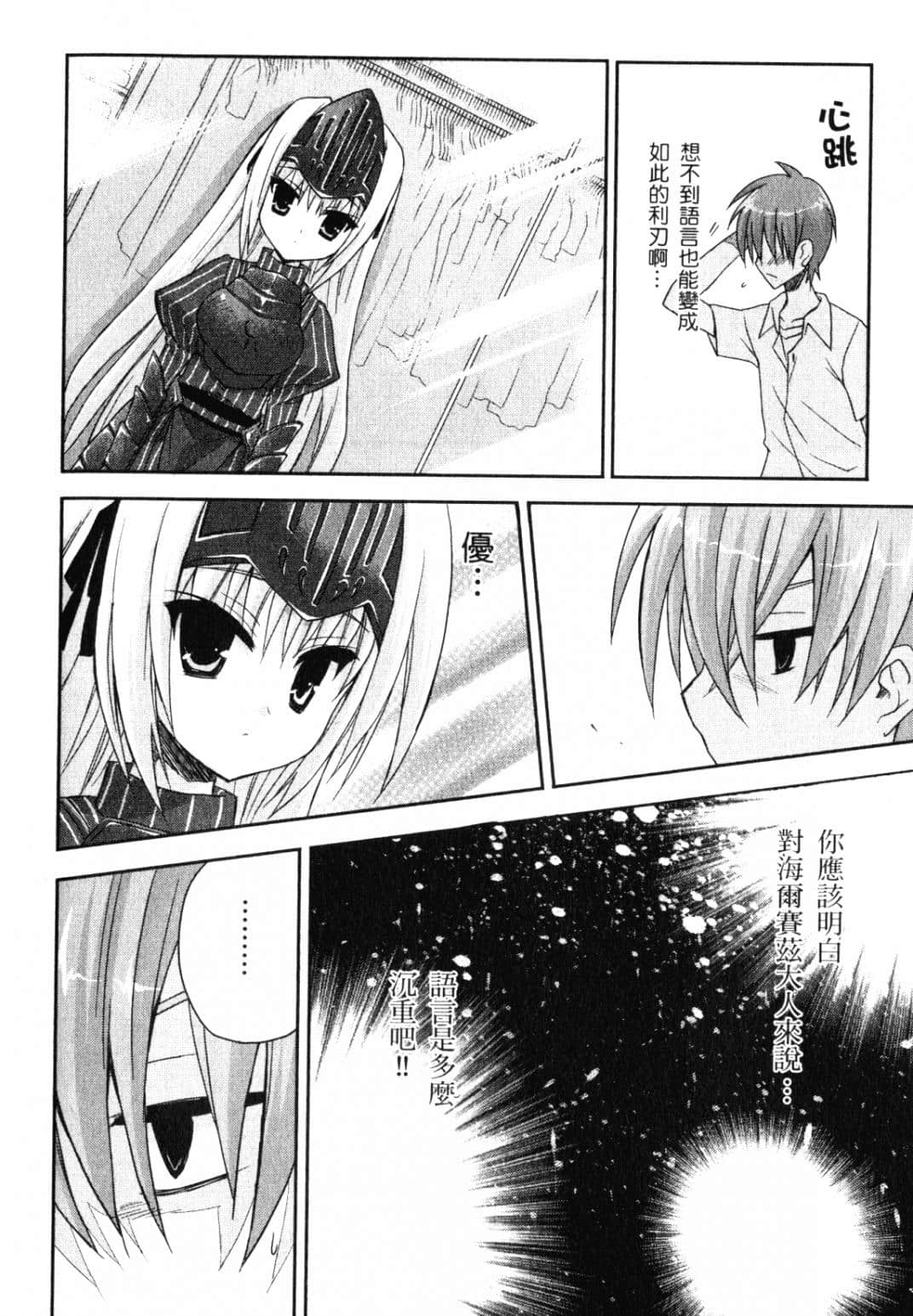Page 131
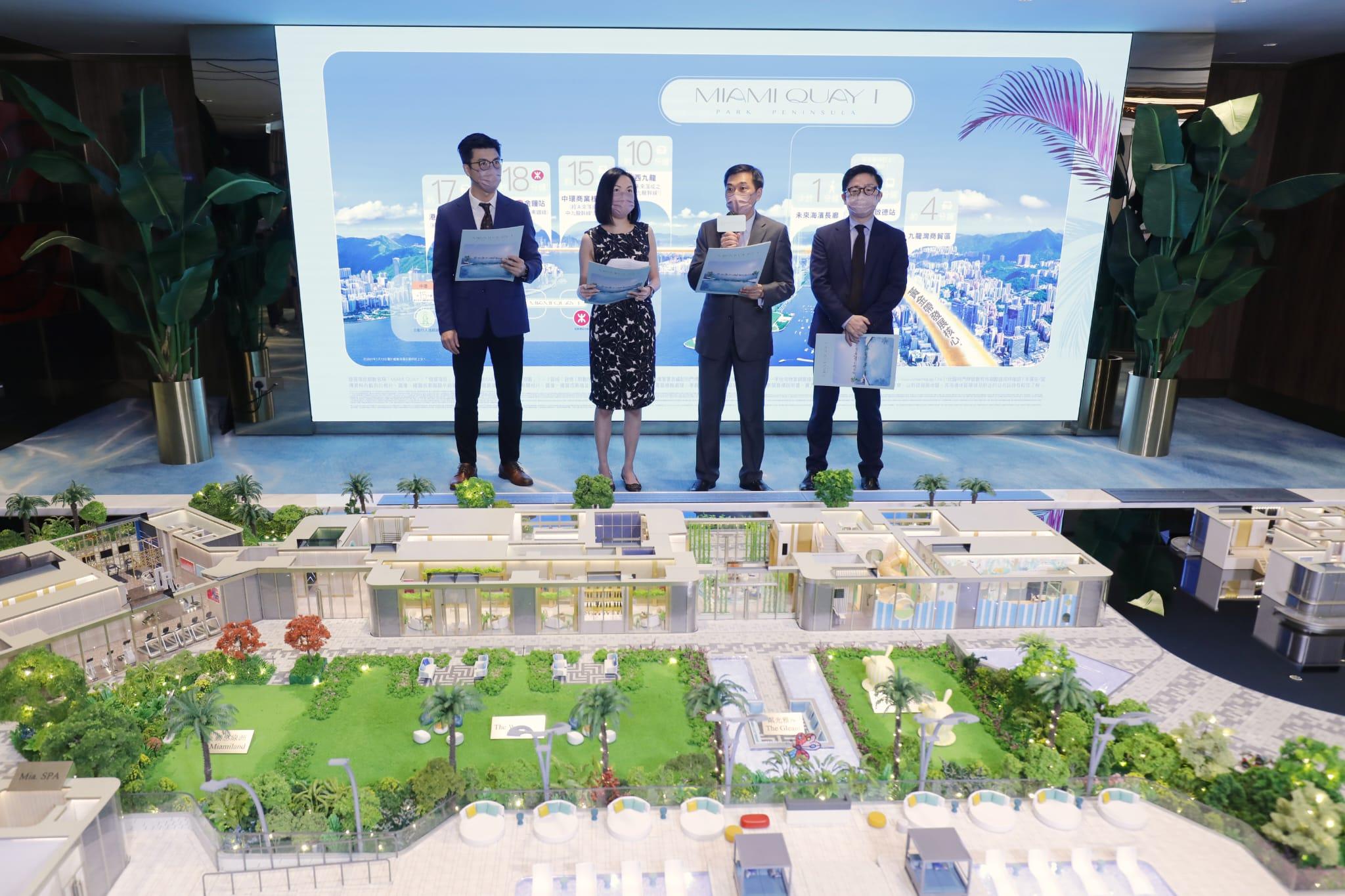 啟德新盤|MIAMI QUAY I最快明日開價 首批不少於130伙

* * *

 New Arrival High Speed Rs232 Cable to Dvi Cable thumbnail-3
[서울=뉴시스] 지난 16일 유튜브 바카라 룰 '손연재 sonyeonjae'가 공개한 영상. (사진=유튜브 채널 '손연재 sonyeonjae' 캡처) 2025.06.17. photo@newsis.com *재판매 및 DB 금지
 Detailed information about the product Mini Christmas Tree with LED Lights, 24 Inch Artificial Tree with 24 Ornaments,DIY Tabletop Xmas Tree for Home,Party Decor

...

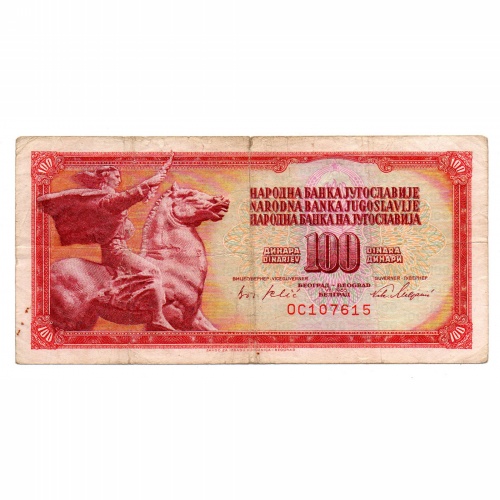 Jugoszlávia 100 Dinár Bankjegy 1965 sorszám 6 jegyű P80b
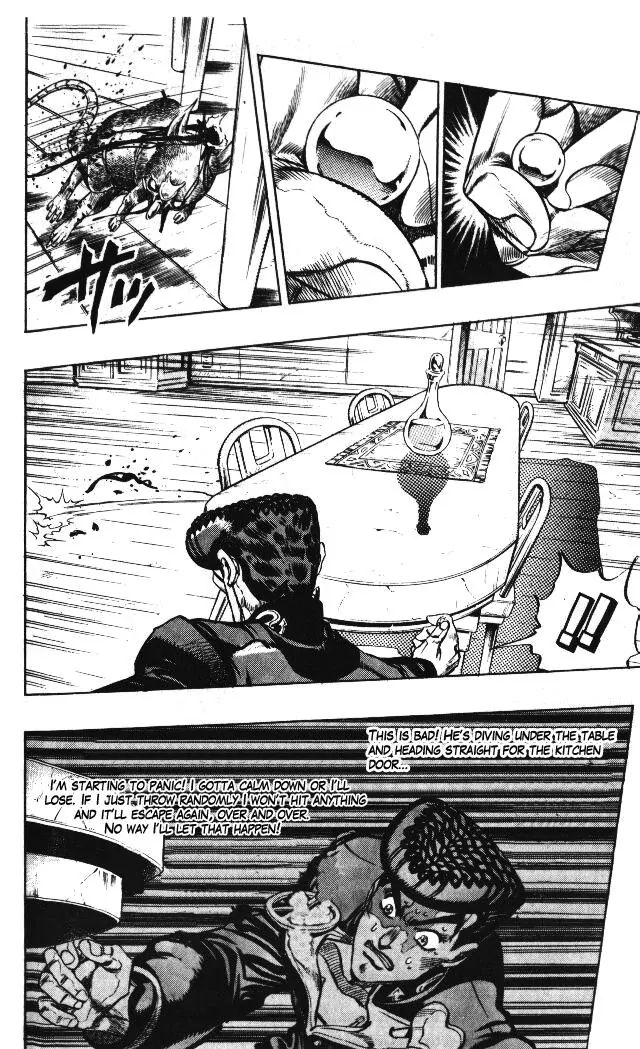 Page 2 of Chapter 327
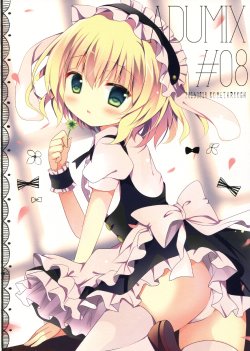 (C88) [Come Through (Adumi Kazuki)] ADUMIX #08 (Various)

BRIEF: An exact copy of the lines above from the one with "Jugoszlávia 100 Dinár" up to and including the one with "(C88) [Come Through" is required; reproduce only those lines, omitting all pictures.

RESPONSE TO THIS TASK:
 Jugoszlávia 100 Dinár Bankjegy 1965 sorszám 6 jegyű P80b
 Page 2 of Chapter 327
 (C88) [Come Through (Adumi Kazuki)] ADUMIX #08 (Various)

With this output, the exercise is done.